#### DATA
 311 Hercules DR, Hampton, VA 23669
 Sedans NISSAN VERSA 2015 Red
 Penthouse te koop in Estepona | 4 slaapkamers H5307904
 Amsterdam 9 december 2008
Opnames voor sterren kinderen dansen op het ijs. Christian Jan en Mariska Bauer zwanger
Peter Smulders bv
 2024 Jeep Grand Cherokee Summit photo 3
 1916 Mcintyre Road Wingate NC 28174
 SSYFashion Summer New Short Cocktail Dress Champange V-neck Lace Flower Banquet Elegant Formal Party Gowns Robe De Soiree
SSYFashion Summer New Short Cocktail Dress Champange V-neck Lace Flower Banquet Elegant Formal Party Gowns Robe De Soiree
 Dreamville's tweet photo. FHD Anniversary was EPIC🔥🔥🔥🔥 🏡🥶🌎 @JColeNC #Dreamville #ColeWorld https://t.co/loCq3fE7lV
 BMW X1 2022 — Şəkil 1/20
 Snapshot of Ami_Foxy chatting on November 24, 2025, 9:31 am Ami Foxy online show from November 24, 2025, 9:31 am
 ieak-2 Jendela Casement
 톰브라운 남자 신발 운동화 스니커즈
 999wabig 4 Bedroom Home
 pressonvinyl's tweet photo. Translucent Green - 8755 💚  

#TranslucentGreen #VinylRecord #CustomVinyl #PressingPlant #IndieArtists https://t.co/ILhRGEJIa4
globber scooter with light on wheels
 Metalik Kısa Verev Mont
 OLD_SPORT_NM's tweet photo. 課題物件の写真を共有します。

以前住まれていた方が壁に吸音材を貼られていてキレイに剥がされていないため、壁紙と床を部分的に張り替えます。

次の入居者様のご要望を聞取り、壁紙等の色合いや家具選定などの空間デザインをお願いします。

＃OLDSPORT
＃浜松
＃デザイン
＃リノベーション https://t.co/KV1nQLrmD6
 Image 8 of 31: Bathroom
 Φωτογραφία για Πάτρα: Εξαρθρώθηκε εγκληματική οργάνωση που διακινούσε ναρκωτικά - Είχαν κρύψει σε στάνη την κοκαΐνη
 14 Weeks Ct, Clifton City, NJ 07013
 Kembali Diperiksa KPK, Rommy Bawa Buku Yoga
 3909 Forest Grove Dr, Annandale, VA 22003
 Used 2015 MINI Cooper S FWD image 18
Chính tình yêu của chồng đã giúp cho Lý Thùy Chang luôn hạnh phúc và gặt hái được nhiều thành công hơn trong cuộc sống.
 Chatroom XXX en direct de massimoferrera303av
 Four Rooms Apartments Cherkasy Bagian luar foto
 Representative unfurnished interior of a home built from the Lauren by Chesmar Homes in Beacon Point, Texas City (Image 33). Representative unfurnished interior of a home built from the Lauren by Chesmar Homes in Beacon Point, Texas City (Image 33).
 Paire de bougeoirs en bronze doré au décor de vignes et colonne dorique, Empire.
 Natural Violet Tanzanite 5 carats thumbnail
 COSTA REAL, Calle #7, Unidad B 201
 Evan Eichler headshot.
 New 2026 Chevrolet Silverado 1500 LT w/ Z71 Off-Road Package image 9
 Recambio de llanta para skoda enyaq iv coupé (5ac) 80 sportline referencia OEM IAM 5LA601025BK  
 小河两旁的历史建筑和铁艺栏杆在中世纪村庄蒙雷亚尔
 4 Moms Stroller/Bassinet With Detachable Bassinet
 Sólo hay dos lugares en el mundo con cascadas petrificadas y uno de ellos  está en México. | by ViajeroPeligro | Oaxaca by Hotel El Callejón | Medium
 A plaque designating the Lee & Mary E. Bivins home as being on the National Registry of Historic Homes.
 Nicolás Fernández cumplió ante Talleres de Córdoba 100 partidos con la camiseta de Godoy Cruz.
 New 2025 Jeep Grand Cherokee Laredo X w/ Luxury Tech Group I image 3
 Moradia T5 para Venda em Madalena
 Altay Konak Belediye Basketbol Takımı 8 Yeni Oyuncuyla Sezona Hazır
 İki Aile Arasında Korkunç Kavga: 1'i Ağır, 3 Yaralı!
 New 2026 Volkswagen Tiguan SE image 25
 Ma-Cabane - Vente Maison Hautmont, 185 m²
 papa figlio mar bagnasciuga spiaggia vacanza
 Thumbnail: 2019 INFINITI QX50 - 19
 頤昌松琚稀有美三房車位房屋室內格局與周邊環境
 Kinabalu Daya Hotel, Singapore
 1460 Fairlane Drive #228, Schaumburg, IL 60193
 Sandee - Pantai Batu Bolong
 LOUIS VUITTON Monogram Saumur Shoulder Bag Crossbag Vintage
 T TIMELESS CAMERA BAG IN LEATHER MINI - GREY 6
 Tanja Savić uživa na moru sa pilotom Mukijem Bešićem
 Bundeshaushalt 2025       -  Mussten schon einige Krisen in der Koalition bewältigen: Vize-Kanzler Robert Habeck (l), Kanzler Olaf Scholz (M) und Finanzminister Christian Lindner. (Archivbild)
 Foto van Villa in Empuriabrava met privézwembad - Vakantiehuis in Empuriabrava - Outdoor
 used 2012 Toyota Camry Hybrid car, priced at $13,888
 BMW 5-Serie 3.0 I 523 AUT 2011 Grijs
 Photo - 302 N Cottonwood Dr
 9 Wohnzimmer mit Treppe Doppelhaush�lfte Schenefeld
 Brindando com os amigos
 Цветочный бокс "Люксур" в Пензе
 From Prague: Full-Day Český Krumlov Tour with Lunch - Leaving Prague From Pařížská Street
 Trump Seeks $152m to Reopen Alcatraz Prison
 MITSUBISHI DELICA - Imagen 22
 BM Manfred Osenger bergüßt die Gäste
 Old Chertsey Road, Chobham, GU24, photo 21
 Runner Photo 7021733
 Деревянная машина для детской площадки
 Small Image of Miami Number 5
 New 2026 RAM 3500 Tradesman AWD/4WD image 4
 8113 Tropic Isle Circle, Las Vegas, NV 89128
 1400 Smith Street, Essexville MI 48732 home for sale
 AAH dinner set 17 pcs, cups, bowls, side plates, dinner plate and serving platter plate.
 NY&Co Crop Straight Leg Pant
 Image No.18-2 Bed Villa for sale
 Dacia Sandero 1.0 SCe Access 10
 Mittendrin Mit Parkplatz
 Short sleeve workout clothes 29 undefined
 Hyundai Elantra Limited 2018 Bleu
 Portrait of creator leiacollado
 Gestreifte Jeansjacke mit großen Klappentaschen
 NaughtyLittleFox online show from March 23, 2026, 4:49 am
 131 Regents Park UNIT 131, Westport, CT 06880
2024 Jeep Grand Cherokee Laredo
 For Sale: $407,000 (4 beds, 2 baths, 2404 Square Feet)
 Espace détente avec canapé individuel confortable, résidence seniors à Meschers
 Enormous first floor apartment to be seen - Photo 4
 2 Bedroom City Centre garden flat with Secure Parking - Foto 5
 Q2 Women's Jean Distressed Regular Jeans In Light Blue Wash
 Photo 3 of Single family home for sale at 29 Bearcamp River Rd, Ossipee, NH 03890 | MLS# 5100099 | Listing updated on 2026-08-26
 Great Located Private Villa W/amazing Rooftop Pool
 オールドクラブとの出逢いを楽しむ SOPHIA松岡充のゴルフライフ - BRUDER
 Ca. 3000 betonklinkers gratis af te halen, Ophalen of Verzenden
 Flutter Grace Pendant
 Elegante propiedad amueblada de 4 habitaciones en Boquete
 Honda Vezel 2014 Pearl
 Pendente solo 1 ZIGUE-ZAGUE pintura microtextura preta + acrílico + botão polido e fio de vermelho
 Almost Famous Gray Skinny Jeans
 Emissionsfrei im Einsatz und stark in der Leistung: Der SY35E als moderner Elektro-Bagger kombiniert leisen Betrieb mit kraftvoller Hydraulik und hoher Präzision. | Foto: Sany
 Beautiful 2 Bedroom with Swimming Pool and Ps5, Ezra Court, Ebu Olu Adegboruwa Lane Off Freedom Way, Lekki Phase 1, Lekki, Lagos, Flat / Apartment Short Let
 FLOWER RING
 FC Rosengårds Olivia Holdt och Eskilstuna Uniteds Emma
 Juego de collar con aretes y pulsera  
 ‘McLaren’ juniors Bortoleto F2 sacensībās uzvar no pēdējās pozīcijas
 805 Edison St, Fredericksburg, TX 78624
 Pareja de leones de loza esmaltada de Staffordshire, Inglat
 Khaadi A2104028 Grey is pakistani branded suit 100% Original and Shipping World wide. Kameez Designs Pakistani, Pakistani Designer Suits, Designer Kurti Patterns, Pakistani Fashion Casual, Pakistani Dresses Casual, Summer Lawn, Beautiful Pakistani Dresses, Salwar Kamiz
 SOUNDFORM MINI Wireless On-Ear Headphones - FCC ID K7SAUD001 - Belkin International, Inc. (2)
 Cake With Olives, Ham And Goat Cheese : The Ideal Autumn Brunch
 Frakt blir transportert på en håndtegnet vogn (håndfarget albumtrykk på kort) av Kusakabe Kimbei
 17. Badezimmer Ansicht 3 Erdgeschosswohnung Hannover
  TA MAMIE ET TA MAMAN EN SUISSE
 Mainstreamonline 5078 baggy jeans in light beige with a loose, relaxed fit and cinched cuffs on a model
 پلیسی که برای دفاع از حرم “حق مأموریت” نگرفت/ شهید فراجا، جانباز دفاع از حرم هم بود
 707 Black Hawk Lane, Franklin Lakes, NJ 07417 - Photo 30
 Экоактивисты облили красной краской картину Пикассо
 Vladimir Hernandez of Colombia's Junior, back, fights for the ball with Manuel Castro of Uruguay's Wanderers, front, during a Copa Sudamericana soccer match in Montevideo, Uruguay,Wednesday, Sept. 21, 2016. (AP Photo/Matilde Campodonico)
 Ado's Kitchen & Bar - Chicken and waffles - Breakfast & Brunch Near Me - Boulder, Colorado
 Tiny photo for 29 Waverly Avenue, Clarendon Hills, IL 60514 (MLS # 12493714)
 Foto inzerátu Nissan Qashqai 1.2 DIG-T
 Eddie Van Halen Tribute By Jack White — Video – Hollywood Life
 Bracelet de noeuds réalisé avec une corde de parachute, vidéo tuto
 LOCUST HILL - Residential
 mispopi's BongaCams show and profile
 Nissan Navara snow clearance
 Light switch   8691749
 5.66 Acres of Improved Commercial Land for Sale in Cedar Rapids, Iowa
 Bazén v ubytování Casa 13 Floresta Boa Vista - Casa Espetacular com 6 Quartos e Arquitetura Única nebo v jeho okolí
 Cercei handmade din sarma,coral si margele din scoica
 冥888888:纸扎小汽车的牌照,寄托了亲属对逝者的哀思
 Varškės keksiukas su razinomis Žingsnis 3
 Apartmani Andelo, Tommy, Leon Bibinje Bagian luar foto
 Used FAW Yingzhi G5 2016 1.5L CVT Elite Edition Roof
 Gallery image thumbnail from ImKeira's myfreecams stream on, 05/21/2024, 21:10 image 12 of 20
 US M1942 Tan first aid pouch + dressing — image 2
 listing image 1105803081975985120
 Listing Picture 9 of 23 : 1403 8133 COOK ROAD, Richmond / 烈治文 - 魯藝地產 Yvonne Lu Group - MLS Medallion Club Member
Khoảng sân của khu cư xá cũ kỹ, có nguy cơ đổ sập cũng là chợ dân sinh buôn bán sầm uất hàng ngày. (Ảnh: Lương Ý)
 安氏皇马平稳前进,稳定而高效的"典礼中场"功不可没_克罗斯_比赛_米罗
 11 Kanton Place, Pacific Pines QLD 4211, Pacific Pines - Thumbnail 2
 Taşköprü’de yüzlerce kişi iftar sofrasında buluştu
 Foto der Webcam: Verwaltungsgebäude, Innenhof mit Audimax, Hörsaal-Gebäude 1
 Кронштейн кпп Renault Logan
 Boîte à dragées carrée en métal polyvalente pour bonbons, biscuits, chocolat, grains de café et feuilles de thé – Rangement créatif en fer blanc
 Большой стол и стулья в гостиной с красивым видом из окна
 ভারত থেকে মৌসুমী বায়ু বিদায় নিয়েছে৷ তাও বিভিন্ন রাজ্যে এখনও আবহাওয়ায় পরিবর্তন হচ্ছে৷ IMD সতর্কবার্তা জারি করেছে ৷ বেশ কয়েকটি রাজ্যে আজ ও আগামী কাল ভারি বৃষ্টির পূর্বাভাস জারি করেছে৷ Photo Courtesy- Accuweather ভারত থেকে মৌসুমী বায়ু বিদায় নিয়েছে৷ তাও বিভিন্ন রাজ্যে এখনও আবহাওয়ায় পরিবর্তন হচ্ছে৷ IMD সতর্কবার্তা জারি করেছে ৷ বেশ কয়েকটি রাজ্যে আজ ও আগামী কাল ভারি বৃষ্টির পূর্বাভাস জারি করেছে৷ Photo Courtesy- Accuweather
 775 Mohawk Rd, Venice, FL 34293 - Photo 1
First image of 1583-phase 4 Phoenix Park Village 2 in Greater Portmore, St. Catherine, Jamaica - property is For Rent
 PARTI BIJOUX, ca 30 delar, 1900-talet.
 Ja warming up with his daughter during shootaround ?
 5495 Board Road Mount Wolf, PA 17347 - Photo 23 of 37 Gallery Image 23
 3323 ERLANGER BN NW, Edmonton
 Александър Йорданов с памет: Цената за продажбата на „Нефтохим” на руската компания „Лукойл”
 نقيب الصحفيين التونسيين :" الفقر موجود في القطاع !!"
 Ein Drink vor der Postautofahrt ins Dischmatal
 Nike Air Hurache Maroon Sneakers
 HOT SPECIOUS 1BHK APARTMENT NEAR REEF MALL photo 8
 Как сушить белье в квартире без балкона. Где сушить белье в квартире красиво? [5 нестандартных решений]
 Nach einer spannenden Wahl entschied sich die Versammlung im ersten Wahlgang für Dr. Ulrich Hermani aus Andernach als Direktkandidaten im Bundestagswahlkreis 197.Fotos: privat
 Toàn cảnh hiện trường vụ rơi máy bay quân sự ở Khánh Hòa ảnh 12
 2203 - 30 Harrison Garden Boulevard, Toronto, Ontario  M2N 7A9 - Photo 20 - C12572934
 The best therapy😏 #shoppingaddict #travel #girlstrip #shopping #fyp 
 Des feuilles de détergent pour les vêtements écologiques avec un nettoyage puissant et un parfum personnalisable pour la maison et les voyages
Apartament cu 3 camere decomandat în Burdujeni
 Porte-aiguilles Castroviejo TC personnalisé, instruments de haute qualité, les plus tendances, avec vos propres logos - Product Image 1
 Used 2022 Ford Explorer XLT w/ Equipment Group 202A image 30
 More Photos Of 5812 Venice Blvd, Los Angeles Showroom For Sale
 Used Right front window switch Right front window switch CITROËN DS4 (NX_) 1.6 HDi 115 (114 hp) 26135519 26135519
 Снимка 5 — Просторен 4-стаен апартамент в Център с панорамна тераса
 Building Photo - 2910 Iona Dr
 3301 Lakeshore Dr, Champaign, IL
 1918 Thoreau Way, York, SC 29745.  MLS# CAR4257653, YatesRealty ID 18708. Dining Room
########
▸ **WHAT IS EXPECTED**
From the line containing "Apartament cu 3" down to the last line of the material, each line is to be retyped exactly; no other lines belong in the answer.

▸ **TASK SOLUTION**
Apartament cu 3 camere decomandat în Burdujeni
 Porte-aiguilles Castroviejo TC personnalisé, instruments de haute qualité, les plus tendances, avec vos propres logos - Product Image 1
 Used 2022 Ford Explorer XLT w/ Equipment Group 202A image 30
 More Photos Of 5812 Venice Blvd, Los Angeles Showroom For Sale
 Used Right front window switch Right front window switch CITROËN DS4 (NX_) 1.6 HDi 115 (114 hp) 26135519 26135519
 Снимка 5 — Просторен 4-стаен апартамент в Център с панорамна тераса
 Building Photo - 2910 Iona Dr
 3301 Lakeshore Dr, Champaign, IL
 1918 Thoreau Way, York, SC 29745.  MLS# CAR4257653, YatesRealty ID 18708. Dining Room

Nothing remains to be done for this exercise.